Electron Flow is the movement of electrons carrying a negative charge from negative to positive.

When there is no current electrons move randomly about the material causing no net drift.
When current is present (despite still moving randomly) the general drift of electrons is in a specific direction (towards negative).

Amperes (Amps) - Current is measured in Amperes (A) measuring the amount of electric current through a point per unit of time. 1A=1Cs-1

Electric Charge is the total amount of current that is supplied over a certain period of time. It can be defined with the following equation:
Q=It (charge = current x time)

Coulombs - Charge is measured in coulombs (C) - 1C if the total charge supplied by a current of 1A in a time of 1s.

Kirchhoff's Law: "The sum of the currents entering any junction is always equal to the sum of the currents leaving the junction."
Note: Charge will be conserved throughout the circuit.

Ammeters are used to measure electric current. A digital multimeter is more often used - they're a multifunctional piece of equipment that allows you to measure current, voltage and resistance. Theoretically an ammeter should have negligible resistance. In a circuit they need to be connected in series, not in parallel, otherwise the electrical current will pass through the ammeter, limiting or stopping the current from passing through the component it is connected in parallel to (should that component present any form of resistance).
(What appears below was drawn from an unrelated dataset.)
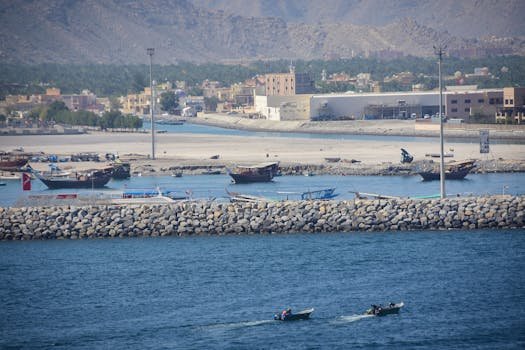 Offshore & Punte: Top Companii de Recrutare Marinari Comercianți în 2026 - Angajări Garantate! 3 A vibrant harbor scene at al-Chasab Musandam with boats and mountains in the background.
Mean Drift Velocity is the average velocity that an electron attains when an electric current flows. Mean drift velocity is directly proportional to current. It is given by the equation:
I=nAve
Where: I = current
n = number density of electrons (electrons per unit volume)
A = cross-sectional area
v = mean drift velocity
e= electron charge (1.6x10-19C)*

*1.6x10-19C is the negative charge of an electron; this is the number you need to know - like remembering 9.81ms-2 was the magnitude of acceleration due to gravity in the last unit

Material Categories
Conductors contain a high number density of conducting electrons e.g. a copper wire.
Insulators contain very few or no conducting electrons e.g. rubber.
Semiconductors have properties that lie between those of conductors and insulators e.g. silicon. The conductivity of a semiconductor increases with increasing temperature, behavior opposite to that of a metal.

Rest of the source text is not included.